Ma i risultati di ieri hanno evidenziato
debolezze strutturali che devono preoccupare non poco gli strateghi
della ex first lady.
Innazitutto i giovani che sono la base più
entusiasta di Sanders e i cui voti ancora una volta hanno favorito
preponderantemente il senatore. “Anche se non mi sostenete”, è stata
costretta ad ammettere una castigata Hillary, “io sostengo voi”.
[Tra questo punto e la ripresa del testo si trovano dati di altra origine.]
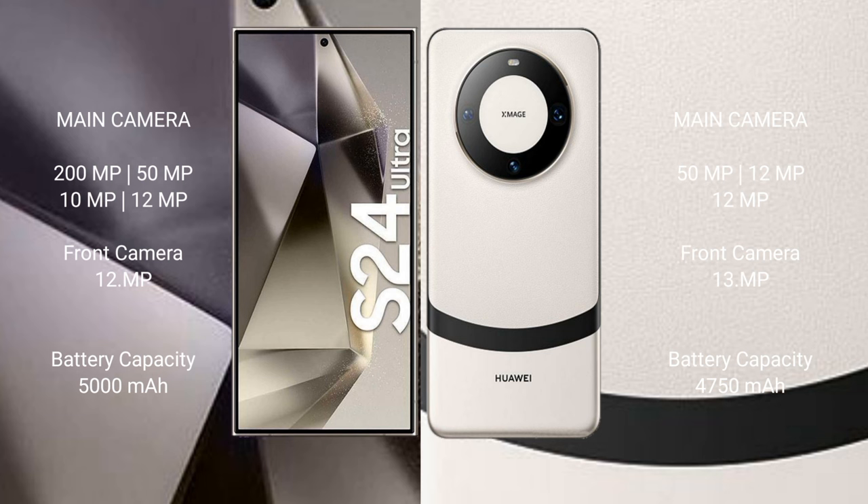Samsung Galaxy S24 Ultra has a 5000mAh battery with 45W fast charging support. Huawei Mate 60 has a 4750mAh battery with 66W fast charging support.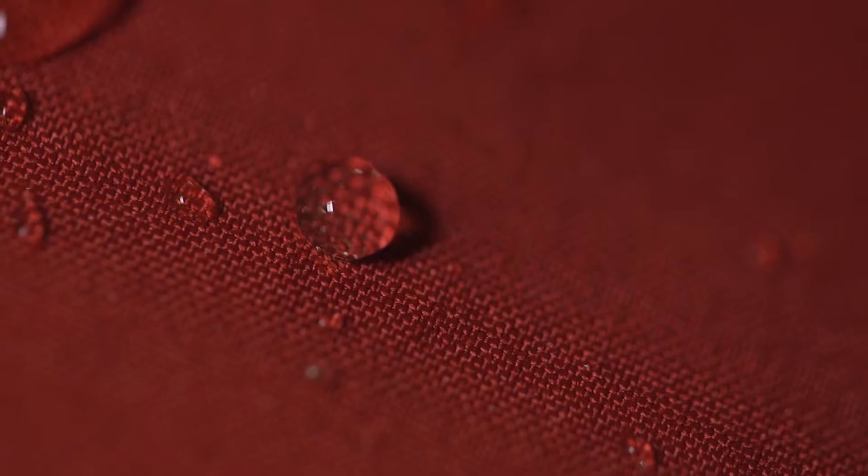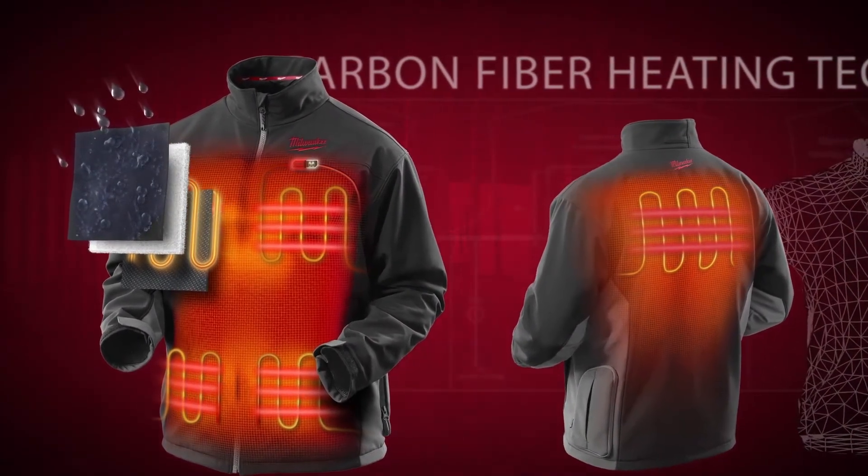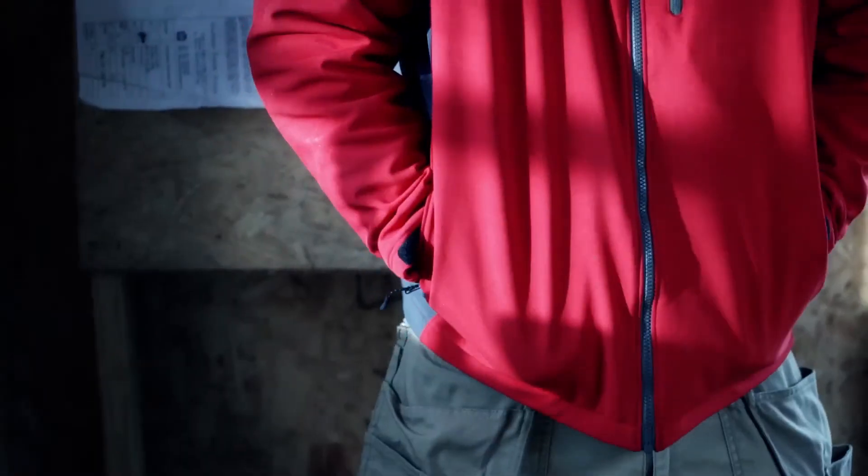By combining a wind and water resistant soft shell construction with targeted insulation and our carbon fiber heating elements in the chest and the back, users are able to keep core body areas warm while reducing the need for extra layers.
Ancora più soprendente il dato che a Sanders ha assegnato un vantaggio dell’11% fra le donne (il 55% dell’elettorato).
Per
puntellare la base femminile, Clinton negli ultimi giorni aveva
arruolato figure importanti come l’ex segretario di stato Madeleine
Albright e Gloria Steinem. A un comizio nel fine settimana, la Albright
ha avvertito che “esiste un apposito girone dell’inferno riservato alle
elettrici che non sostengono le candidate donne”.
Steinem, decana
del femminismo americano, è giunta a denunciare le giovani sostenitrici
di Sanders che “lo fanno per seguire i propri ragazzi” ed è stata
successivamente costretta a chiedere scusa per una non caratteristica
caduta di stile. Episodi che hanno evidenziato l’ambivalenza di quello
che sulla carta doveva costituire uno zoccolo duro clintoniano.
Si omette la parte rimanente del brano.